Black bean burgers.
Yu-ummmmm. I was so craving one. On account of my sister Mess Cat talking about making her own a few weeks back, I made up a recipe and cooked some last week. And they were some kind of good.
And I wanted more.
I went to the pantry in search of black beans. Are you kidding me? I ate them all already?
Well shoot.
This is what I get for not keeping a running grocery list like my Mama did.
All I could find were pinto beans.
I shrugged. Well, when that’s what you have…..

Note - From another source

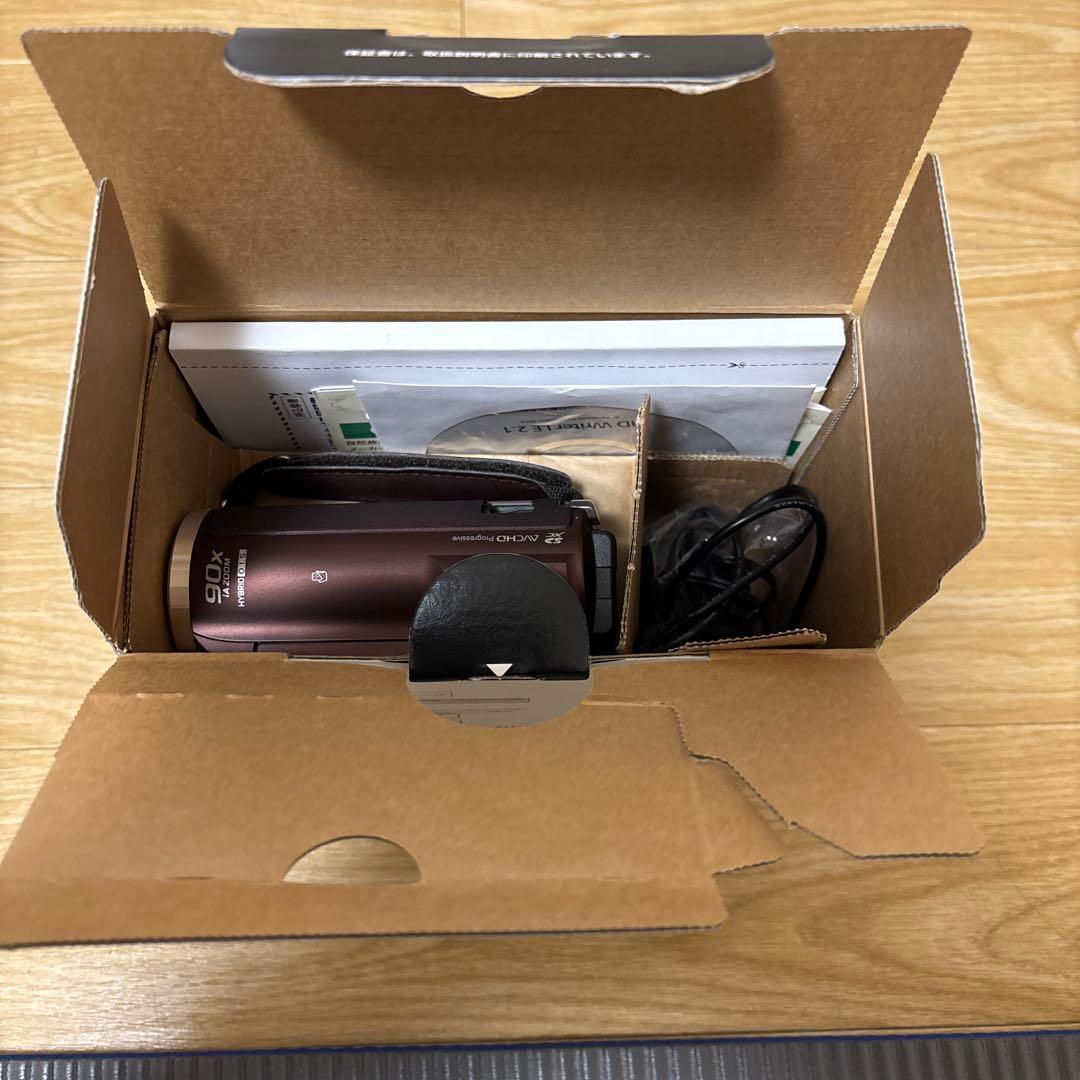 Panasonic HC-V550M Wi-Fi搭載 フルHDビデオカメラ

As I was mixing them up, I thought about something Mama said all those years.
They weren’t black bean burgers, but we’d “make do.”

And I laughed.
Maybe that’s why Mama said she was flexible. She had a lifetime of “making do.” In the first year she and Daddy moved to Peach County when I was quite small, they didn’t have a stove.
Just think about that. No stove. No microwave. She had a little electric hot plate that she used to cook on. A whole summer of this. And then they got their first stove. She was happy about her new stove, but she’d gotten by–because she made do.
When one of vehicles went kaput and they couldn’t get another one right away, I remember Mama driving Daddy to work so she could pick us up from school later. They made do.
She sewed a lot of our clothes in the early years, and she made do with what fabric she could get.
When it came time to make something and she didn’t have a certain ingredient, she would figure it out and make do.
Sounds like she was into sacrificing, doesn’t it?
But she wasn’t. She was so joyful most of the time. Not Pollyanna exactly, but probably a first cousin. She could find joy in the simplest or smallest of things. She did it with grace and a thankful heart.  On Mama “making do” looked like appreciation and ingenuity.  And her example of making do is a gift that I’m just now really growing to appreciate.
Because of her, I don’t take things sitting down. If I have it in my head to do something, and I don’t have exactly what I need, I can come up with another way to make it happen and “make do.” I think “making do” might be the mother of creativity. Making do has created some pretty awesome school projects and costumes over the years. Don’t have something? Okay, let’s take what we have and make it work.
Tonight I’m thankful for a Mama who taught me the gift of making do. I think it’s close relations to “appreciating what you have.” A few of the thrifty folks out there have a tagline–“shop at home first.” Mama was all about that way before it became the “thing” to do. Making do was all about being frugal, a good steward, and being responsible.
Making do–it’s not a sacrifice, it’s a beautiful way of life.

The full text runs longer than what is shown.